In Python 2, codecs module can be used to handle unicode.

Strings are immutable objects in Python.
Any operation that looks like changing a string actually creates another new string.
Althoug it might sound inefficient, it's not due to garbage collection.

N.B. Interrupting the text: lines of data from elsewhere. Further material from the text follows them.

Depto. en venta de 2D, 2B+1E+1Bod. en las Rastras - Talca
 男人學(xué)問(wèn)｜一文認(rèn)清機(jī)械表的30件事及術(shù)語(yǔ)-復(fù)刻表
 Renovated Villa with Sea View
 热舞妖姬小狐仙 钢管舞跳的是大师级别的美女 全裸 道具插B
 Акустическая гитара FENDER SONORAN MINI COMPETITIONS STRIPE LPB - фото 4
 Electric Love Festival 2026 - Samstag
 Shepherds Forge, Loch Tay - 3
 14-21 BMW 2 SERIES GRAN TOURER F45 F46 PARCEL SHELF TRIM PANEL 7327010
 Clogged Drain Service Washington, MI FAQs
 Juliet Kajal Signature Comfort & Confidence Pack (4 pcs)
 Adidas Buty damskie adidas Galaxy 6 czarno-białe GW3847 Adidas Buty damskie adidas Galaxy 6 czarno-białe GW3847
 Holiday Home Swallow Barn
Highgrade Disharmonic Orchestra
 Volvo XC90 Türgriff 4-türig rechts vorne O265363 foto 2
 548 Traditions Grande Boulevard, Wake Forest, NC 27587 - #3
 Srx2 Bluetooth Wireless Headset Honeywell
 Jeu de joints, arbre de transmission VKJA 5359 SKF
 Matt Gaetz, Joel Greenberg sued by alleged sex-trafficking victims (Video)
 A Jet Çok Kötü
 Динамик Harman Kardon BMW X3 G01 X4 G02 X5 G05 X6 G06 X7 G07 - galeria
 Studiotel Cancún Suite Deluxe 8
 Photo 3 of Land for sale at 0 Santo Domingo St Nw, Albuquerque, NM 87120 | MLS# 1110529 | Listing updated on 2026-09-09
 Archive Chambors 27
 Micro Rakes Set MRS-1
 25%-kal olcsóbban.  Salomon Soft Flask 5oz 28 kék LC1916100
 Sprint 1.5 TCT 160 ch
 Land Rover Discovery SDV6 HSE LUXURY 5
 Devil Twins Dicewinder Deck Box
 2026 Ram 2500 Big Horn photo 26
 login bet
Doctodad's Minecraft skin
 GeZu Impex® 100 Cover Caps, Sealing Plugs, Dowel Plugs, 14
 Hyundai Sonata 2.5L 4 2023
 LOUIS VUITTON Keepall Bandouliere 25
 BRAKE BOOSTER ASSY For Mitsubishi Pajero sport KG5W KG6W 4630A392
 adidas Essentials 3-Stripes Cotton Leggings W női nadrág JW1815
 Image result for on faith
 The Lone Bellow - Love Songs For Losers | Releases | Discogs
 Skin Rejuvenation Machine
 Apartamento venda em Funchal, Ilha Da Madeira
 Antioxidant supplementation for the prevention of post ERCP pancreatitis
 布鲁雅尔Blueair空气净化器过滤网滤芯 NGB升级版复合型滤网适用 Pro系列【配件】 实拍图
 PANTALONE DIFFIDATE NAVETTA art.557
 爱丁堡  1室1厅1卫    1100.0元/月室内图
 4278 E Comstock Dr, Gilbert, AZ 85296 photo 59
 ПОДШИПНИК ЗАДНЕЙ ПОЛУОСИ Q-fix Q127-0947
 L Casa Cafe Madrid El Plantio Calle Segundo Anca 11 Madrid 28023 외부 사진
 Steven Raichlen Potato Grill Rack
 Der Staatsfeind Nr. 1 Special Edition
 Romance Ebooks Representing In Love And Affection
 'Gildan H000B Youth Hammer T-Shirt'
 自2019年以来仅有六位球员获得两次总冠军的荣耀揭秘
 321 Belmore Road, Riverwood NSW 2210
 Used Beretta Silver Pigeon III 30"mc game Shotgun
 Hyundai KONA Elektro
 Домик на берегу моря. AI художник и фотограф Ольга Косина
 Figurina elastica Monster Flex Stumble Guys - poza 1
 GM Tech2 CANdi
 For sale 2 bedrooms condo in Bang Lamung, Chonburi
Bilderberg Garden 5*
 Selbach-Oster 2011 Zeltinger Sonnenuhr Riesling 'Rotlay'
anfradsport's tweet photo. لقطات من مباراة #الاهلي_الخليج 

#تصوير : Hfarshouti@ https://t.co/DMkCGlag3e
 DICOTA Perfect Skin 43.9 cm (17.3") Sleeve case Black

Recommandtion on using ' or "".
Use '' except the need to include ' in your string. e.g.

'Hi'
"Kight's"

A null byte will not terminate a string in Python(Not like C).
Python keeps both string's length and text in memory.

Common Used Operation¶

In [1]:

# Raw strings (no escape), commonly used for regular expression
r"\n\t"

Out[1]:

'\\n\\t'

In [2]:

# Remove whitespace
" qwe ".strip()

Out[2]:

'qwe'

In [3]:

# split on delimiter
"a,b,c".split(",")

Out[3]:

['a', 'b', 'c']

In [4]:

# replace
"123123123".replace("12", "ab")

Out[4]:

'ab3ab3ab3'

In [5]:

"123".isdigit()

Out[5]:

True

In [6]:

",".join(["a", "b", "c"])

Out[6]:

'a,b,c'

In [7]:

# step

s = "abcde"
s[::-1]

Out[7]:

'edcba'

Commonly Used Method¶

In [8]:

"abcabc".replace("ab", "de", 1)

Out[8]:

'decabc'

Concatenate¶

In [9]:

"a" + "b" + "c"

Out[9]:

'abc'

In [10]:

"".join(["a", "b", "c"])

Out[10]:

'abc'

The second method often run faster

String Formating¶

'...%s...' % (values)¶

%[(keyname)][flags][width][.precision]typecode

keyname: for indexing dict
flags
- - : left justification
- 0 : fill with 0
minimum width
precision

Key Name¶

It particularly useful when generating HTML or XML

In [11]:

"%(a)s---%(b)s" % {"a": 1, "b": 2}

Out[11]:

'1---2'

Flags¶

In [12]:

"%-6sabc" % "a"

Out[12]:

'a     abc'

In [13]:

"%06d" % 5

Out[13]:

'000005'

'...{}...'.format(values)¶

In [14]:

# By position

"{0} {1} {2}".format(1, 2, 3)

Out[14]:

'1 2 3'

In [15]:

# By keyword

"{a} {b}".format(a=1, b=2)

Out[15]:

'1 2'

In [16]:

# Use dict

d = {"a": 1, "b": 2}
"{a} {b}".format(**d)

Out[16]:

'1 2'

In [17]:

# Attribue

import sys

"{sys.platform}".format(sys=sys)

Out[17]:

'win32'

In [18]:

# Indexing

"{0[0]}".format(["abc", "def"])

Out[18]:

'abc'

Detail format¶

{fieldname component !conversionflag :formatspec}

Detail for formatspec

[[fill]align][sign][#][0][width][,][.precision][typdecode]

align
- > : left alignment
- < : right alignment
- = : padding after a sign character
- ^ : center alignment
,: comma for thousand separator

In [19]:

"{0:^20,d}".format(123456789)

Out[19]:

'    123,456,789     '

Compare the two method¶

format supports more features
- binary format

In [20]:

"{0:b}".format(2**16 - 1)

Out[20]:

'1111111111111111'

In [21]:

"{:,d}".format(123456789)

Out[21]:

'123,456,789'

General Type Categories¶

Numbers (interger, floating-point...)
Sequences (strings, lists, tuples)
Mappings (dictionaries)